- [YOUR OBJECTIVE]: Below are entries to reproduce exactly, apart from their pictures.

- [DATA SUPPLIED]:
Segment Open
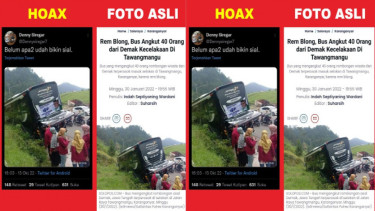 Denny Siregar Sebar Bus Poster Anies Terperosok, Netizen: Hoax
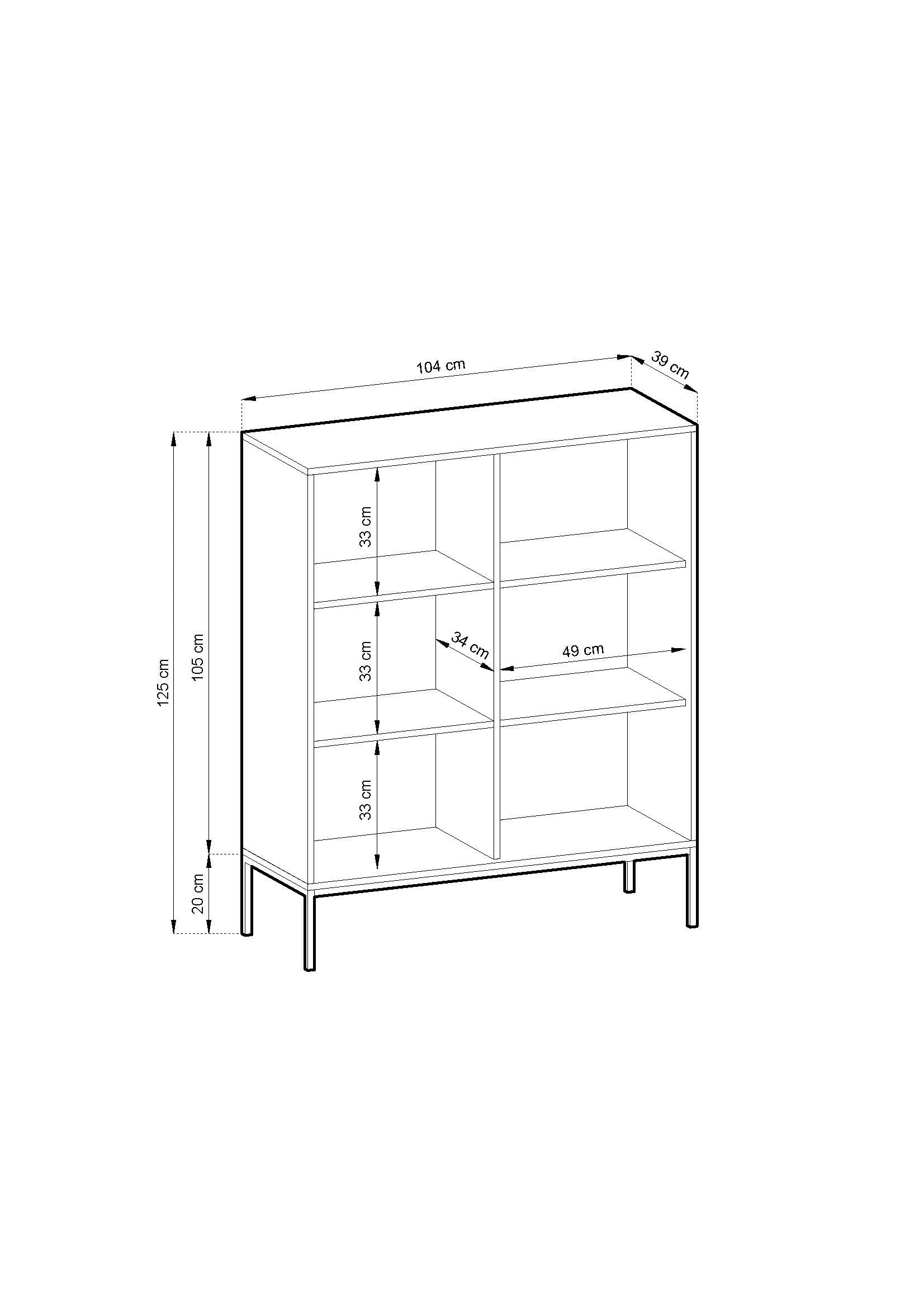 Nova Dresser Gray - Modern Design with Two Push to Open Door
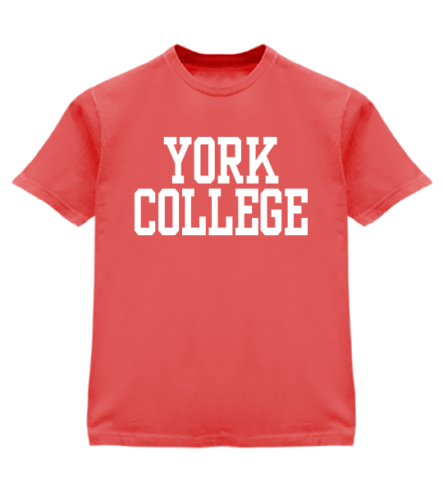 GILDAN S/S T-SHIRT W/YORK OVER COLLEGE IN BLOCK LETTERS ON FRONT CHEST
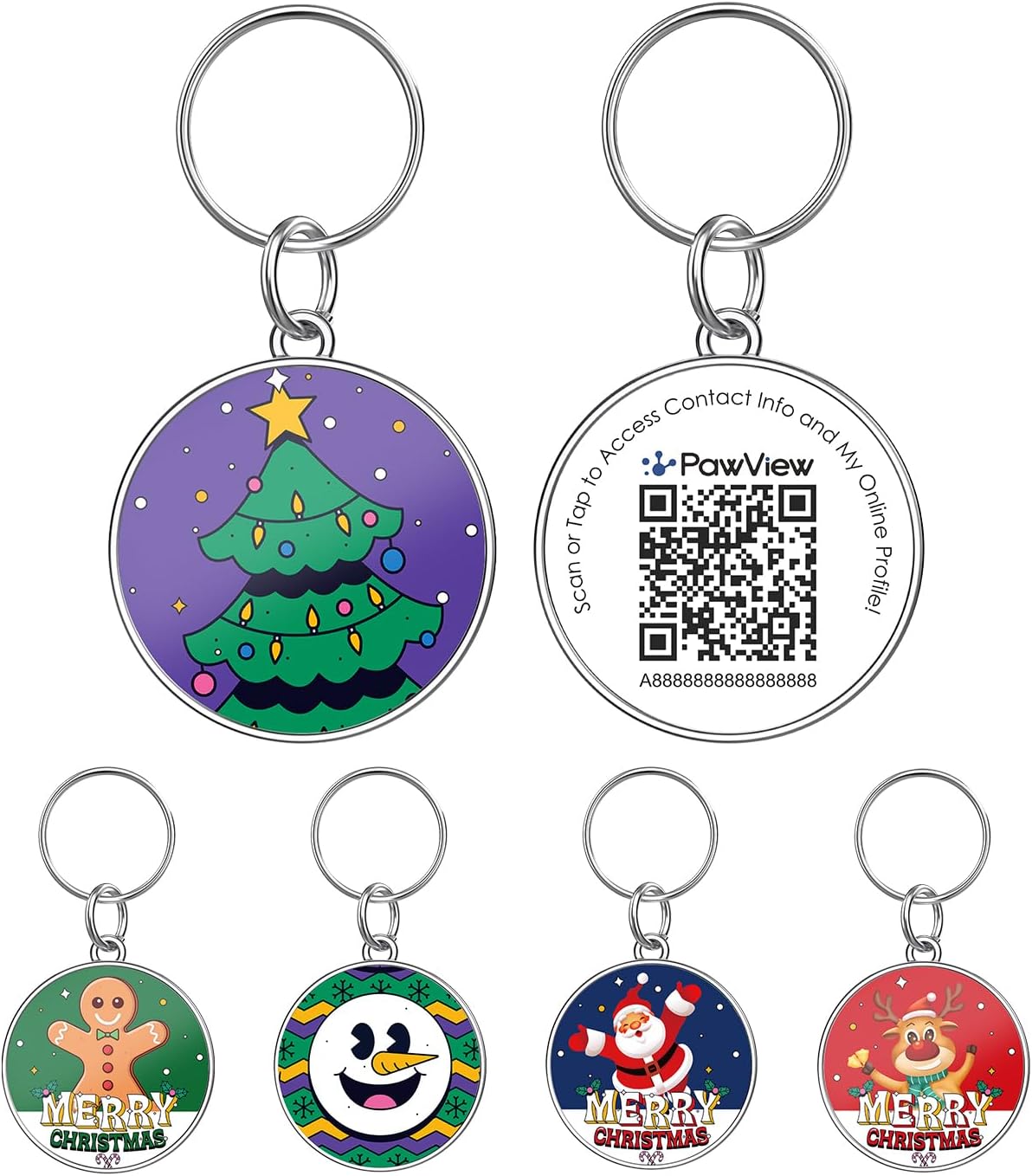 Holiday QR Code Dog ID Tag for Dogs, Christmas Pet Collar Charm, Scan QR for Instant Contact Info & Location Alerts, No Battery, No Monthly Fee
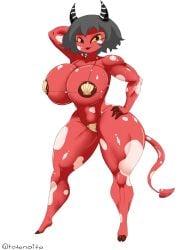 absurd_res big_breasts bikini breasts clothing demon demon_humanoid female grey_hair hair helluva_boss hi_res horns humanoid imp lin_(helluva_boss) mature_female muscular muscular_female red_body simple_background smile solo swimwear tail thick_thighs totonaito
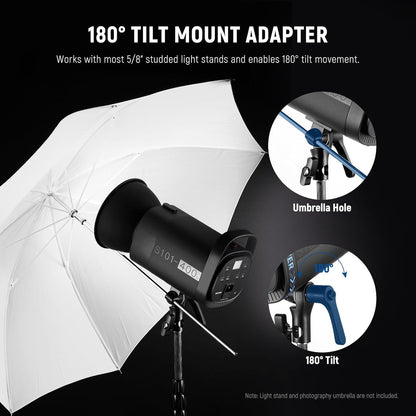 NEEWER S101-400 W stroboscooplicht met 9 niveaus, modelleerlamp 150 W, 400 W, GN65, 5600 K, met reflector met standaard Bowens frame, stille ventilator in S1/S2-modus voor fotografie studio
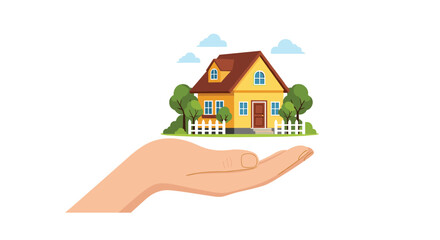 Human hand carefully holds a small yellow model house with a red roof surrounded by green trees and a white fence representing real estate.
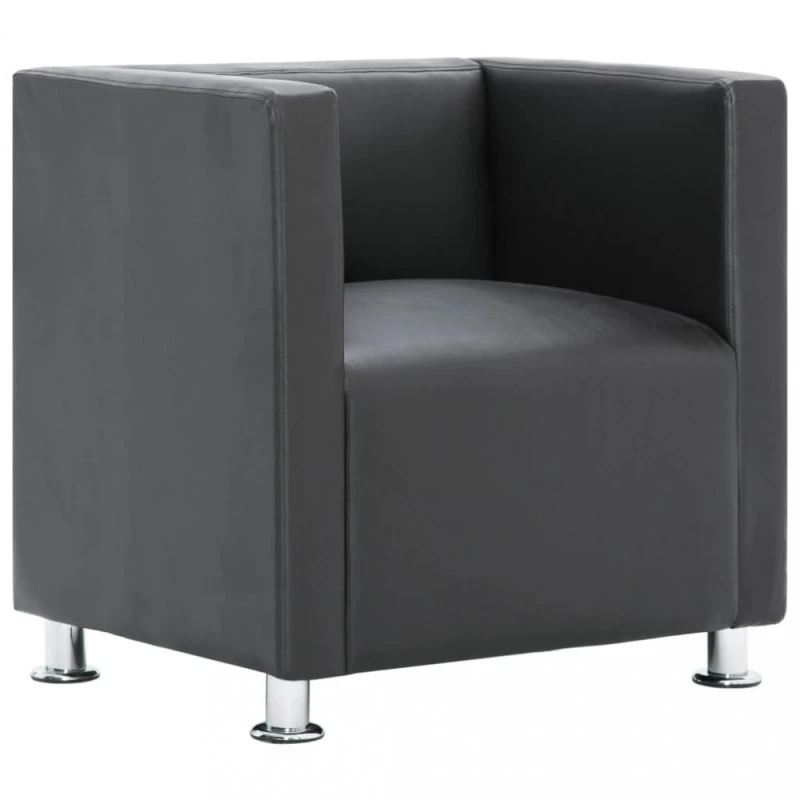 Hranaté kreslo umelá koža Dekorhome Sivá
Segment Closed
- [TASK RESPONSE]:
 Denny Siregar Sebar Bus Poster Anies Terperosok, Netizen: Hoax
 Nova Dresser Gray - Modern Design with Two Push to Open Door
 GILDAN S/S T-SHIRT W/YORK OVER COLLEGE IN BLOCK LETTERS ON FRONT CHEST
 Holiday QR Code Dog ID Tag for Dogs, Christmas Pet Collar Charm, Scan QR for Instant Contact Info & Location Alerts, No Battery, No Monthly Fee
 absurd_res big_breasts bikini breasts clothing demon demon_humanoid female grey_hair hair helluva_boss hi_res horns humanoid imp lin_(helluva_boss) mature_female muscular muscular_female red_body simple_background smile solo swimwear tail thick_thighs totonaito
 NEEWER S101-400 W stroboscooplicht met 9 niveaus, modelleerlamp 150 W, 400 W, GN65, 5600 K, met reflector met standaard Bowens frame, stille ventilator in S1/S2-modus voor fotografie studio
 Human hand carefully holds a small yellow model house with a red roof surrounded by green trees and a white fence representing real estate.
 Hranaté kreslo umelá koža Dekorhome Sivá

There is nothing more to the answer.